Indonesian U-Reporters convene in a three-day leadership camp

Fadilla Dwianti, Child Protection Officer
Rita Iriati, carrying her 3-year-old daughter, Novita, walks on a road in the village of Kemalang in Klaten District, Central Java Province.
17 October 2017

It wasn’t out of the ordinary for Indonesia’s Minister of Women Empowerment and Child Protection to deliver a speech for International Day of the Girl Child.

Except that this year, the minister was a 19-year-old girl.


It started a few days before, when 21 adolescents aged 15-19 years from across Indonesia convened for a three-day Leadership Camp run by Plan Indonesia, UNICEF, The Indonesian Adolescent Girls Network (AKSI), and Youth Coalition for Girls. The goal was to discuss the ongoing problem of child marriage and enhance skills in communications, advocacy, and leadership – all in preparation for “taking over” the Ministry of Women Empowerment and Child Protection for a day.

Child marriage prevalence in Indonesia has stagnated since 2012, with little decrease in annual prevalence rates.
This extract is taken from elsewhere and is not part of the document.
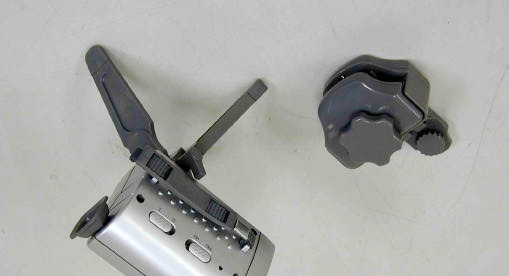 Product image for IWO4015056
Some 1 in 9 girls in Indonesia marry before 18; that’s 375 girls every day. Only six countries see more girls marry each year.

For years, there’s been discussion, both in civil society and in Government, of increasing the minimum age of marriage (from 16 to 18 for girls) and eliminating loopholes for religious exceptions to the current age limits. Seeing these 21 adolescents from across the country (selected from over 1,800 other adolescents through U-Report, a social media-based platform for youth and adolescents to express their aspiration) gave me renewed hope. I am confident these adolescent voices will be the key to influencing the Government’s plans to address child marriage.

On 11 October, these adolescents “took over” the Ministry of Women Empowerment and Child Protection’s high-level posts for a day. A U-Reporter from North Sumatra, Ayu Juwita, was selected as Minister. Ayu led a meeting with her fellow deputies to discuss solutions to the problem of child marriage.

Portrait of Rifka Sae Septyo Utari, 14
Portrait of Rifka Sae Septyo Utari, 14: "I want to be active in my community. I used to be a very shy girl, never feeling confident to speak in public, but now I feel more sure of myself. I feel more confident to share my ideas and thoughts. After my experience in consultation processes with local government, I really feel that adolescents need to be included in local decision-making processes because we can identify problems that adults cannot see or understand."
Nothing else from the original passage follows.